EXERCISE DESCRIPTION> Your reply should reproduce each entry exactly and contain no pictures.

(Records contained in a dataset)
++++

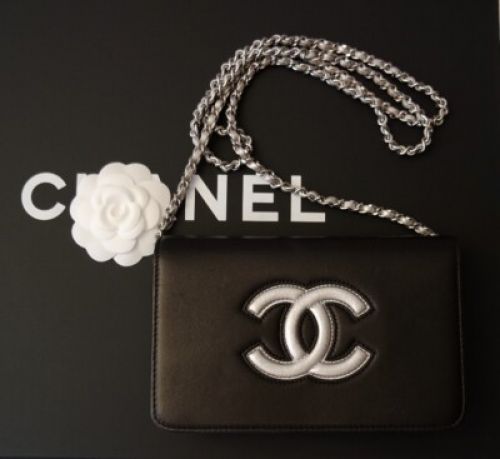 CHANEL WALLET ON CHAIN LAMSKINLEDER SCHWARZ SILBER CC
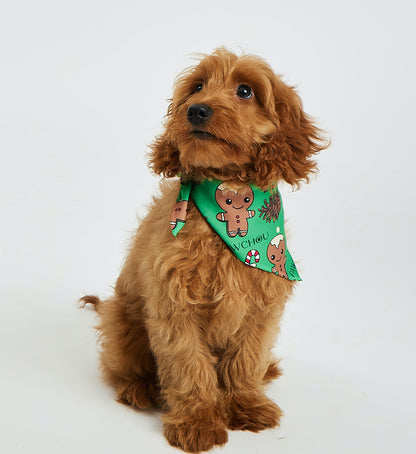 Pawchou Christmas Green Bandana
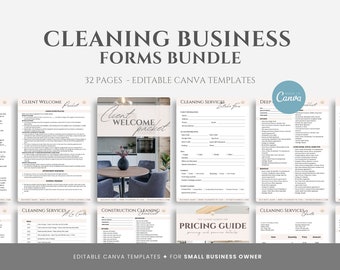 Cleaning Services Contract Bundle, All Cleaning Business Forms in one spot. Easily editable Canva Templates for Cleaners, Housekeepers&Maids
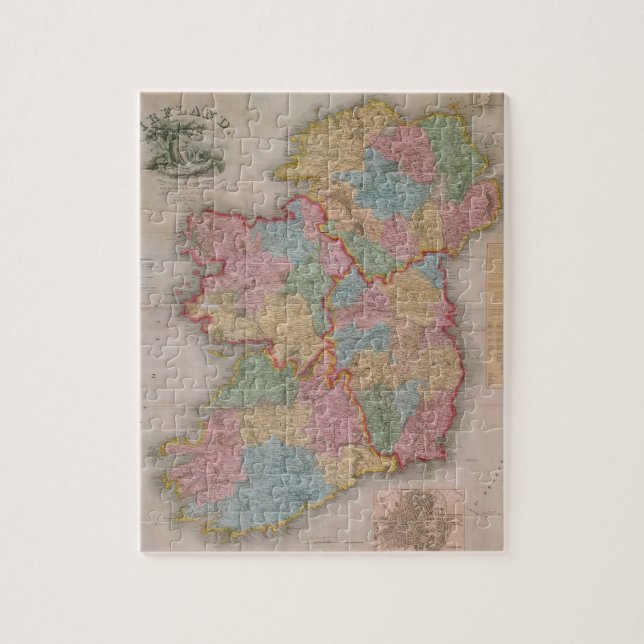 Puzzle Carte vintage de l'Irlande (1835) (Vertical)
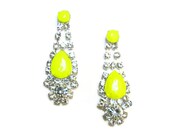 painted rhinestone earrings NEON Yellow drop dangle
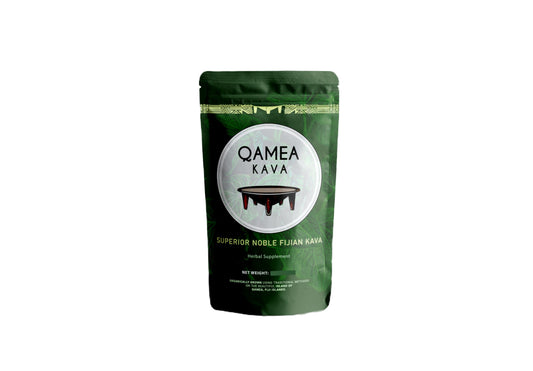 Qamea Kava Noble Root bottle close-up highlighting premium powder quality.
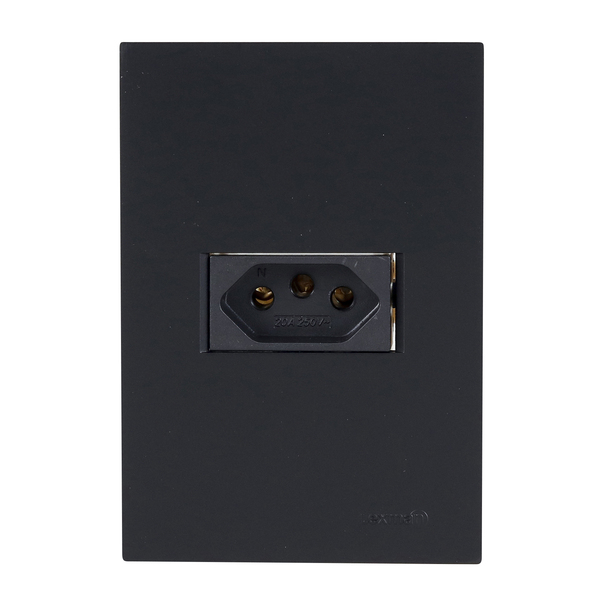 CONJ.4X2 - 1 TOMADA 2P+T 20A (C/SUP) (PRETO FOSCO) - LX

++++

WRITTEN REPLY>
 CHANEL WALLET ON CHAIN LAMSKINLEDER SCHWARZ SILBER CC
 Pawchou Christmas Green Bandana
 Cleaning Services Contract Bundle, All Cleaning Business Forms in one spot. Easily editable Canva Templates for Cleaners, Housekeepers&Maids
 Puzzle Carte vintage de l'Irlande (1835) (Vertical)
 painted rhinestone earrings NEON Yellow drop dangle
 Qamea Kava Noble Root bottle close-up highlighting premium powder quality.
 CONJ.4X2 - 1 TOMADA 2P+T 20A (C/SUP) (PRETO FOSCO) - LX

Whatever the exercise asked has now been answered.